Only a rare few are able to summon courage among the drive of others to maintain power.
Seeking analogies in literature, I think of two women from Greek mythology: Antigone and Iphigenia.
The behavior of the powerful men around Antigone and Iphigenia shows how only a rare few are able to summon courage, and dramatizes how, instead, the drive to maintain power takes the form of cowardice and willful blindness.
Courage vs. Silence
In Sophocles’ tragedy Antigone, the heroine, daughter of the late King Oedipus, ritually buries her brother Polynices by sprinkling dust on his exposed corpse.
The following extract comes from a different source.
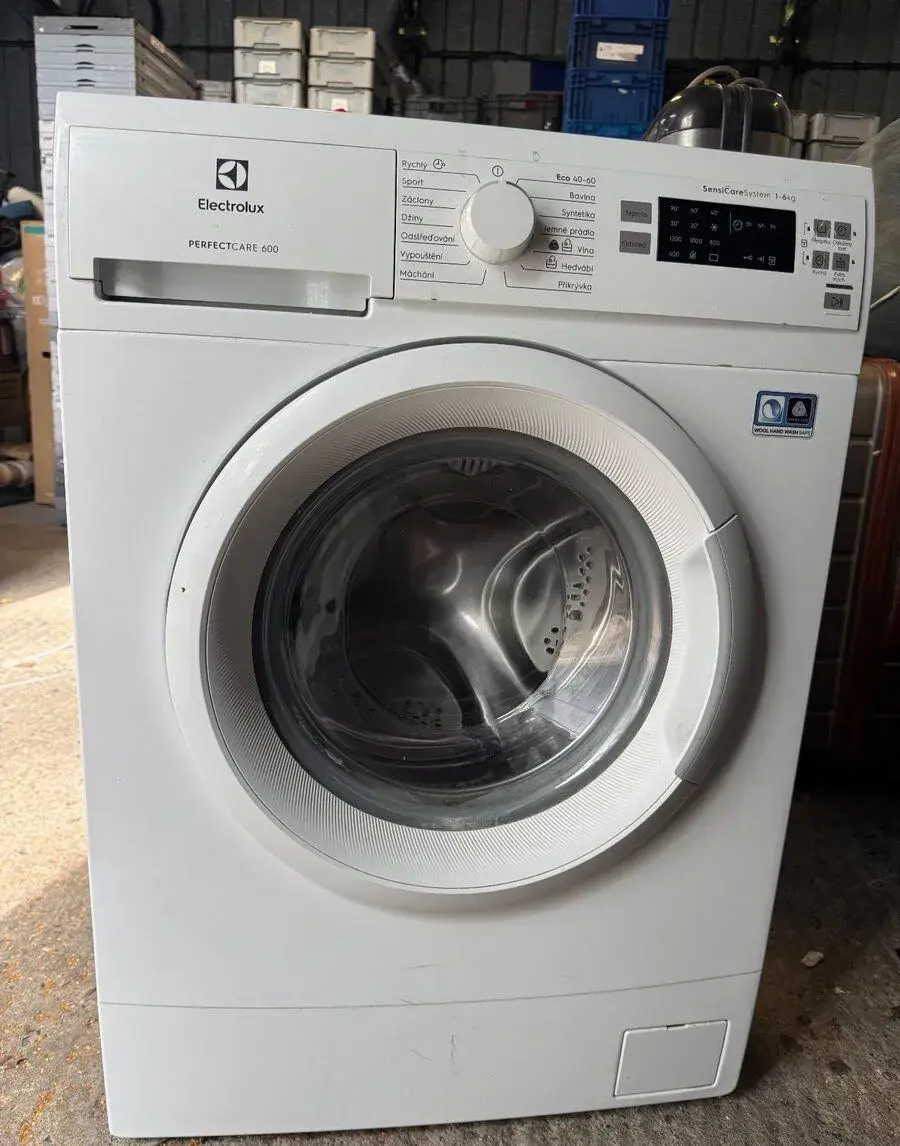 Úzká SLIM pračka Electrolux PerfectCare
Her act defies King Creon’s recent edict that Polynices be left to rot, unburied. Polynices and his brother Eteocles fought for control of Thebes, and the brothers killed each other. To Creon, Polynices was a traitor who attacked his native Thebes, while Eteocles, who died defending the city, merits a hero’s funeral.
Antigone’s sister Ismene, fearful, tries to dissuade Antigone from this act of rebellion. We can’t defy the king’s command, she protests. Besides, we are only women, and men are stronger. Ismene asks Antigone to pardon her for refusing to help with the rebellious act of burying Polynices.
Undaunted, and contemptuous of her sister’s cowardice, Antigone proceeds and is arrested. In the ensuing confrontation, Creon asks whether she has heard his recent decree. Antigone answers defiantly that she is answerable not to Creon’s edict but to unwritten laws so ancient that no one knows when they originated.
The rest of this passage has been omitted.